I have two data frames with different column names, there are 10 rows each. What I'm trying to do is compare the column values and if they match copy the email address from df2 to df1. I've looked at this example but my column names are different How to join (merge) data frames (inner, outer, left, right)?. I've seen this example as well of np.where
where more than one condition is used but when i do that it gives me the following error:
ValueError: Wrong number of items passed 2, placement implies 1
What I want to do:
what I want to do is compare the first row 2 columns (first, last_huge) of df1 with all rows of df2 column (first_small, last_small) if the match is found get the email address from that particular column in df2 and assign it to a new column in df1. Can anyone please help me with this I've only copied the relevant code below and its not fully working just adding 5 new records to new_email.

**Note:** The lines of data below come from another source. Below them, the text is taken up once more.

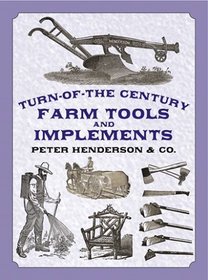 Turn-of-the-Century Farm Tools and Implements (Dover Pictorial Archive Series)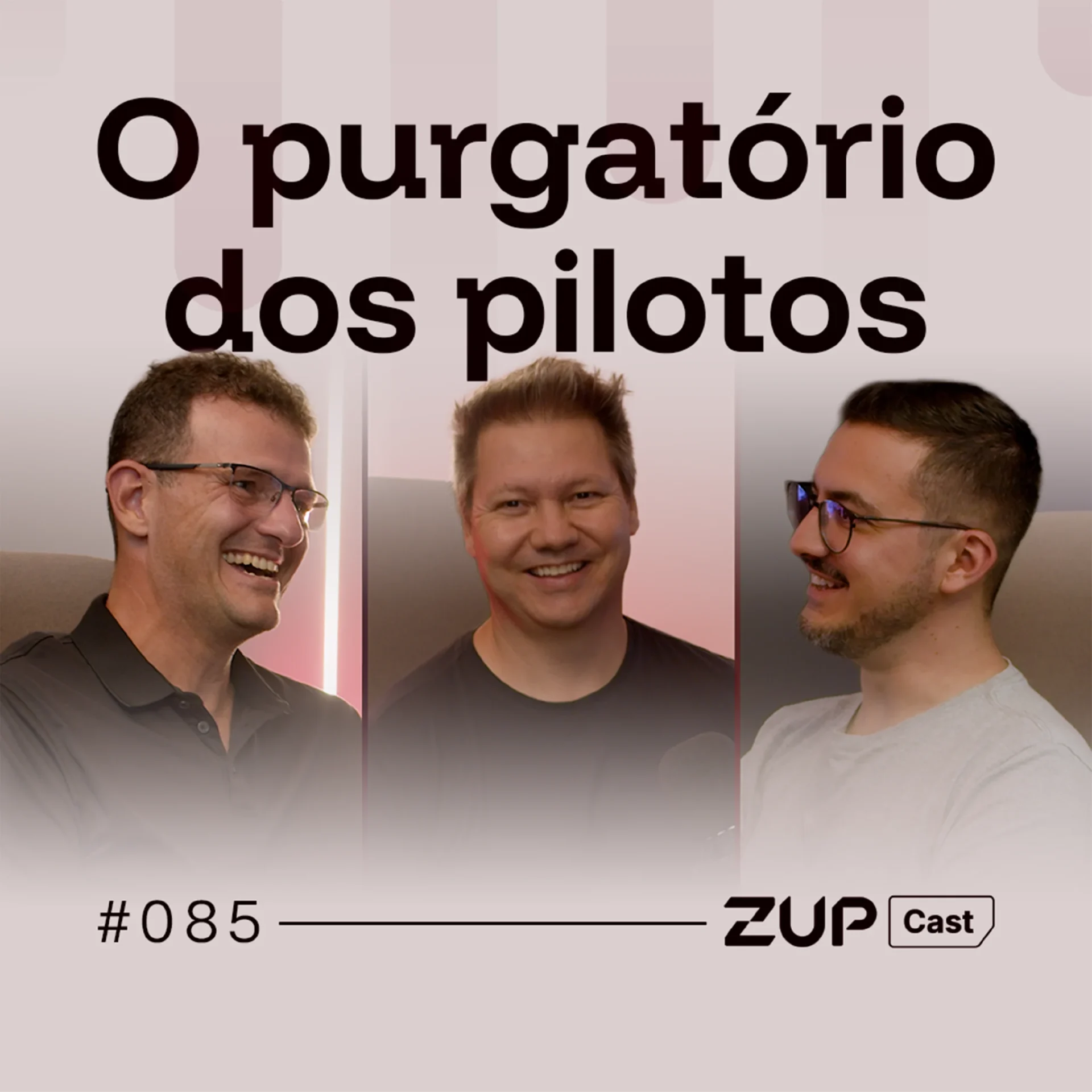 ZupCast #085 — O purgatório dos pilotos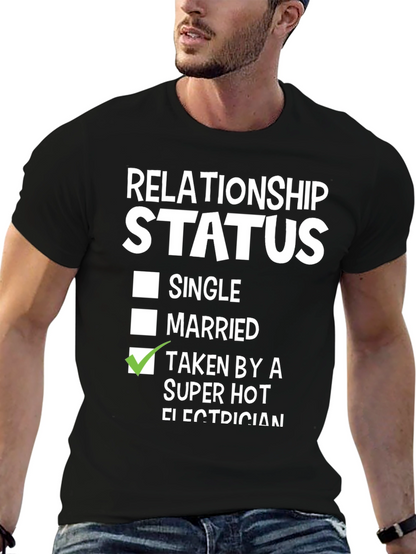 Taken by a Super Hot Electrician T-Shirt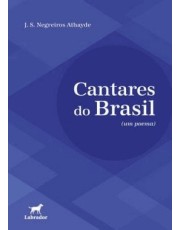 Cantares Do Brasil - (Um Poema)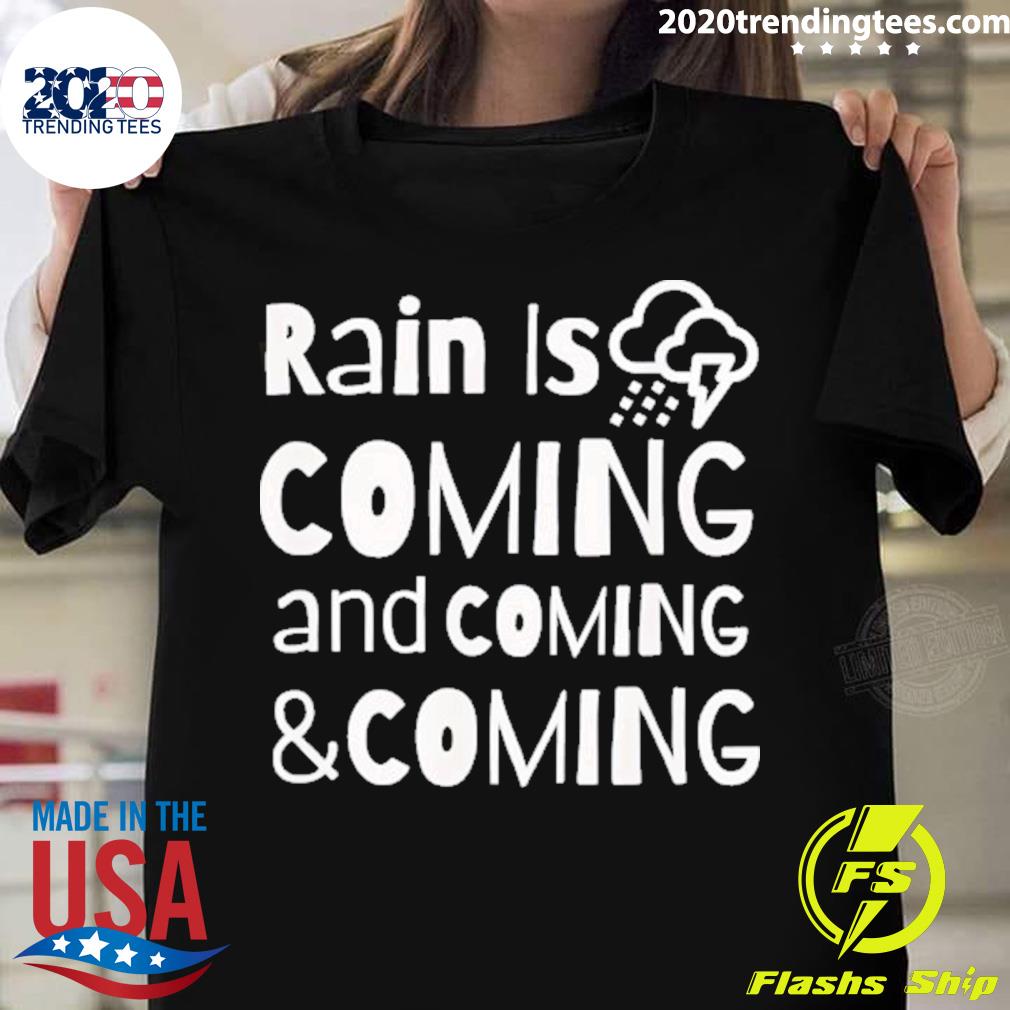 Nice rain is coming - Adult & Kids T-Shirts, Sweatshirts & Hoodies apparel design preview 1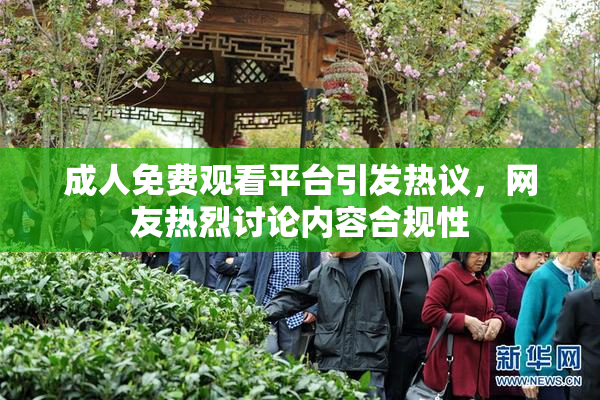 成人免费观看平台引发热议，网友热烈讨论内容合规性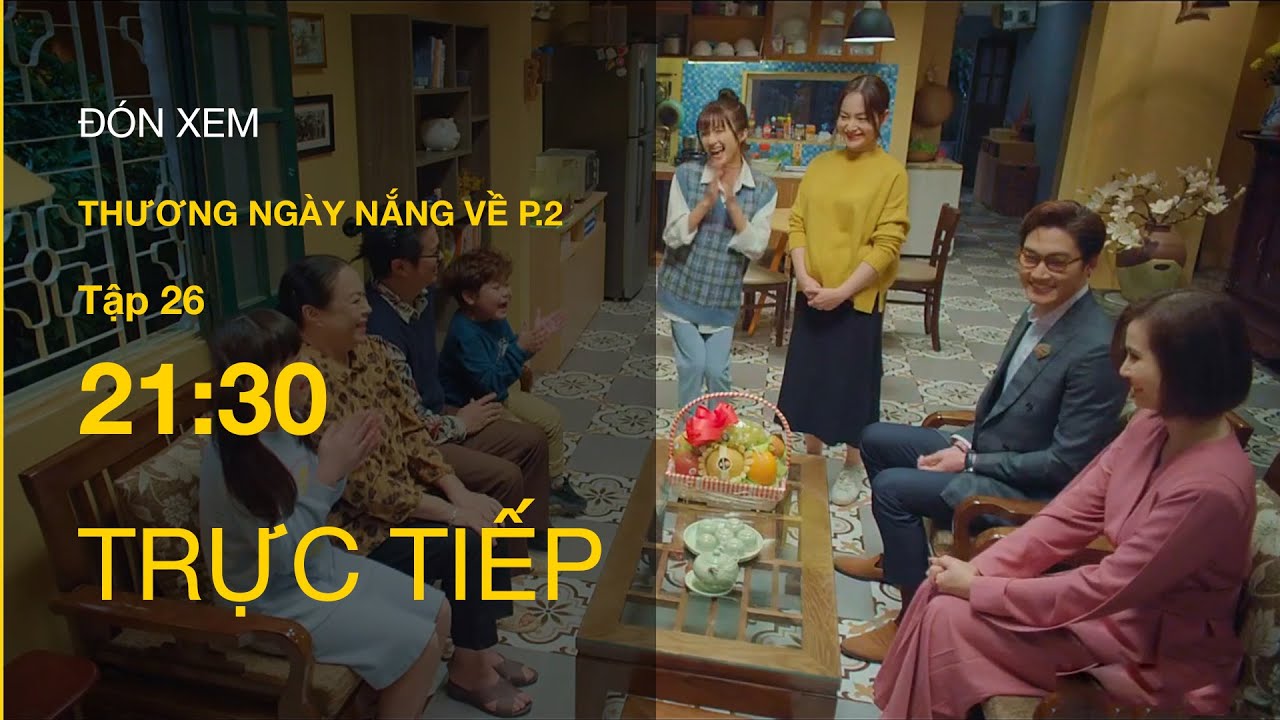 TRỰC TIẾP VTV3 | Thương Ngày Nắng Về (P.2) tập 26 | Duy chính thức ra mắt gia đình Trang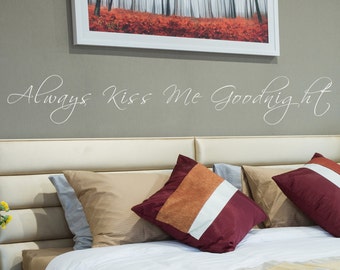 Always Kiss Me Goodnight' Vinyl Wall Art Sticker Quote Wall Decals & Murals Home Décor Wall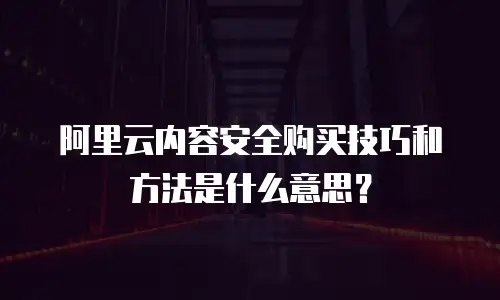 阿里云内容安全购买技巧和方法是什么意思？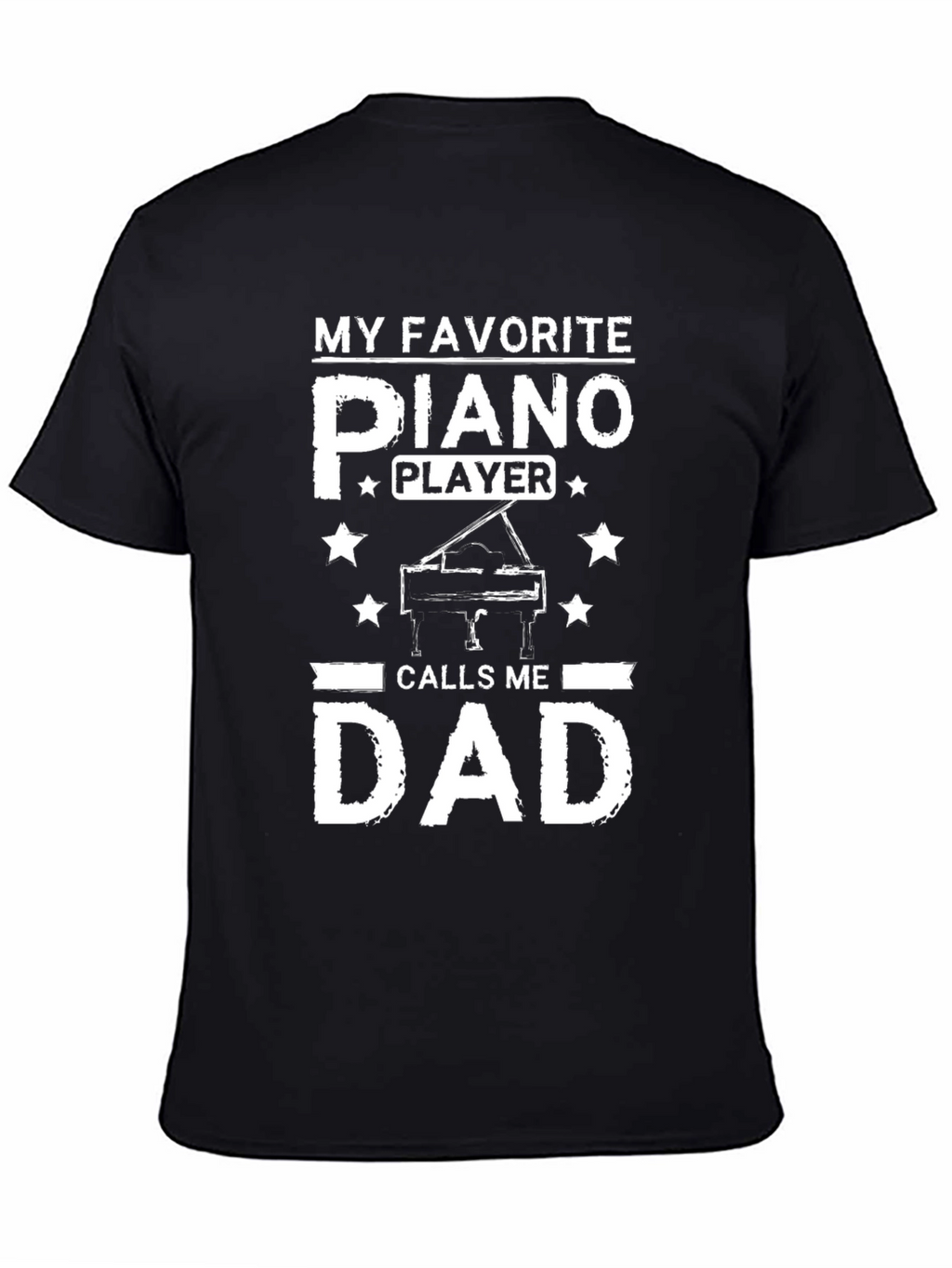 My Favorite Piano Player Calls Me Dad T-Shirt
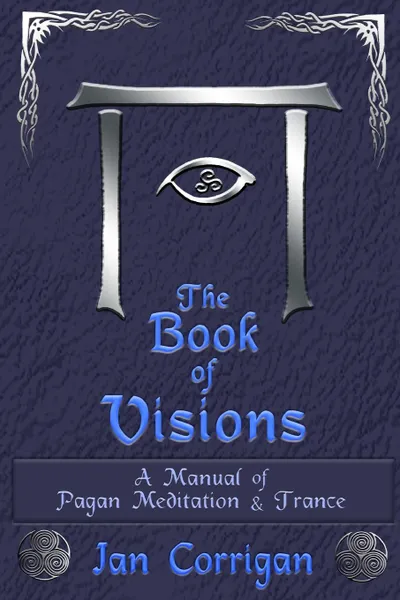 Обложка книги The Book of Visions, Ian Corrigan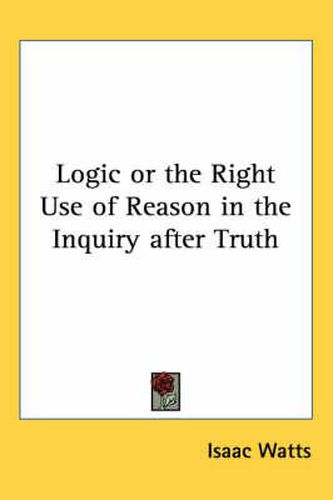 Cover image for Logic or the Right Use of Reason in the Inquiry After Truth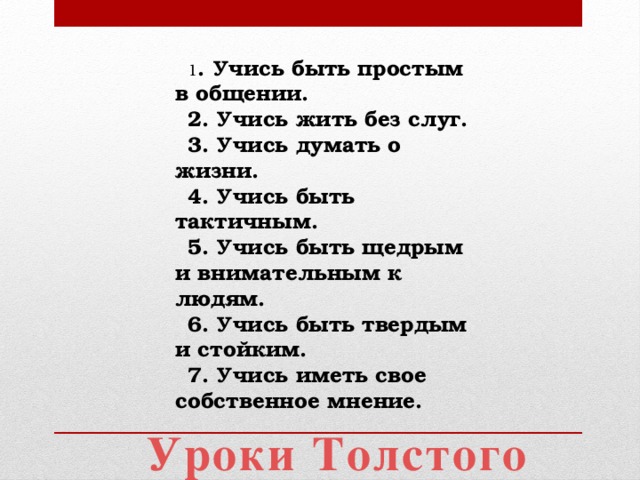 1 . Учись быть простым в общении. 2. Учись жить без слуг. 3. Учись думать о жизни. 4. Учись быть тактичным. 5. Учись быть щедрым и внимательным к людям. 6. Учись быть твердым и стойким. 7. Учись иметь свое собственное мнение. Уроки Толстого 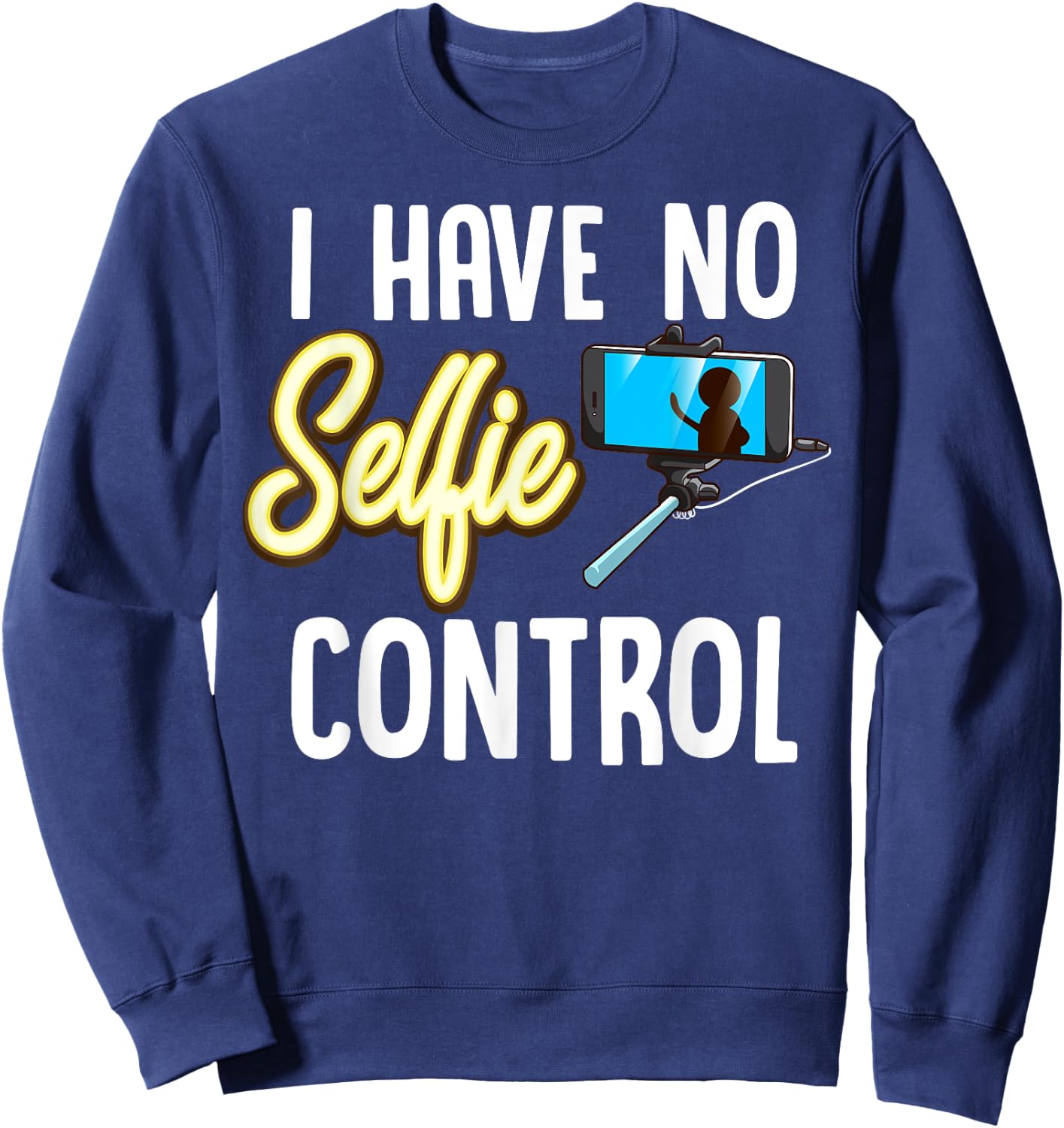 I Have No Selfie Control Love Taking Selfies Sweatshirt - Sweatshirt | Navy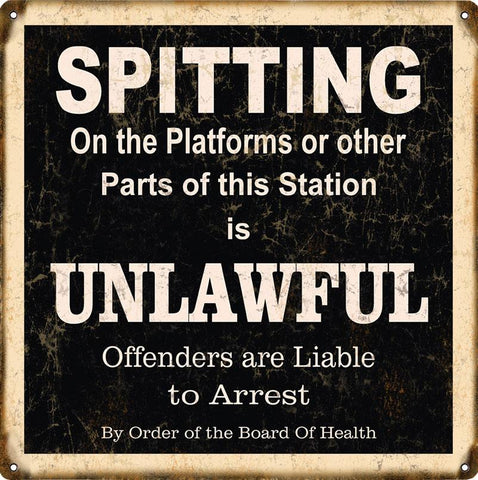 Spitting on Platforms Unlawful Sign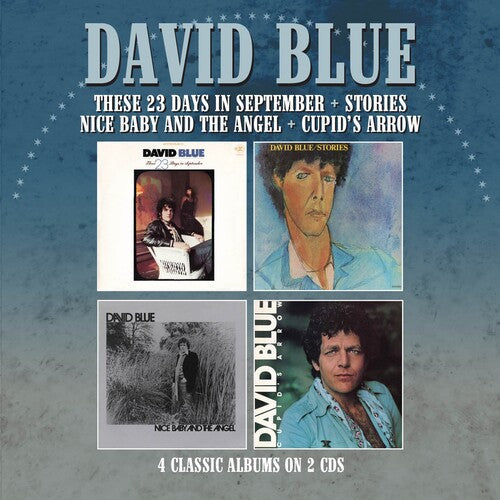 David Blue: These 23 Days In September / Stories / Nice Baby & The Angel / Cupid's Arrow  { CD }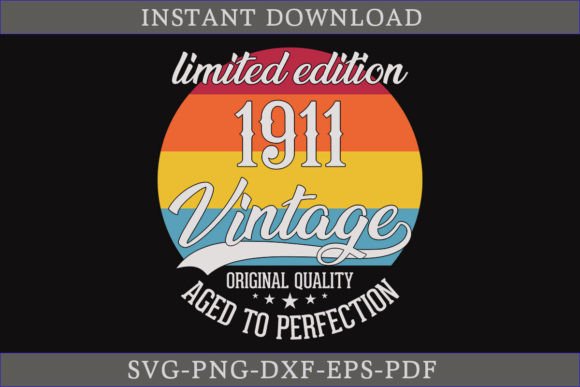 Download Vintage 1911 Aged to Perfection SVG File - Premium Resources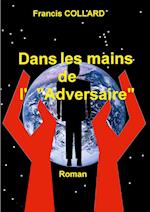 Dans les mains de l' "Adversaire"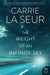 The Weight Of An Infinite Sky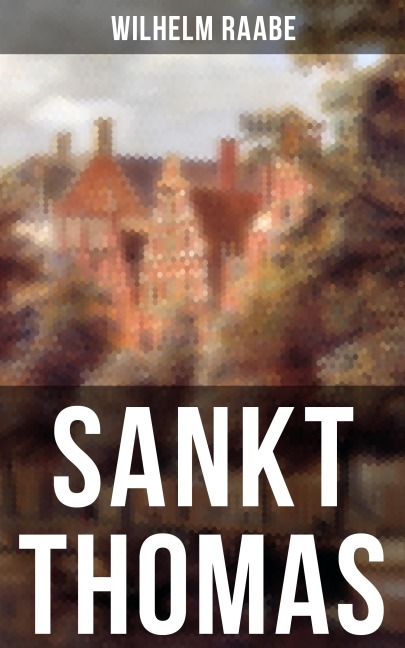 Sankt Thomas - Wilhelm Raabe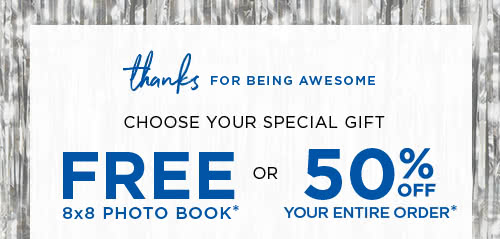 CHOOSE YOUR SPECIAL GIFT - FREE 8x8 PHOTO BOOK* OR 50% OFF YOUR ENTIRE ORDER*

Initially what i did is compared df1['first'] with df2['first']
data1 = {"first":["alice", "bob", "carol"],
"last_huge":["foo", "bar", "baz"],
"street_huge": ["Jaifo Road", "Wetib Ridge", "Ucagi View"],
"city_huge": ["Egviniw", "Manbaali", "Ismazdan"],
"age_huge": ["23", "30", "36"],
"state_huge": ["MA", "LA", "CA"],
"zip_huge": ["89899", "78788", "58999"]}
df1 = pd.DataFrame(data1)
data2 = {"first_small":["alice", "bob", "carol"],
"last_small":["foo", "bar", "baz"],
"street_small": ["Jsdffo Road", "sdf Ridge", "sdfff View"],
"city_huge": ["paris", "london", "rome"],
"age_huge": ["28", "40", "56"],
"state_huge": ["GA", "EA", "BA"],
"zip_huge": ["89859", "78728", "56999"],
"email_small":["alice@xyz.com", "bob@abc.com", "carol@jkl.com"],
"dob": ["31051989", "31051980", "31051981"],
"country": ["UK", "US", "IT"],
"company": ["microsoft", "apple", "google"],
"source": ["bing", "yahoo", "google"]}
df2 = pd.DataFrame(data2)
df1['new_email'] = np.where((df1[['first']] == df2[['first_small']]), df2[['email_small']], np.nan)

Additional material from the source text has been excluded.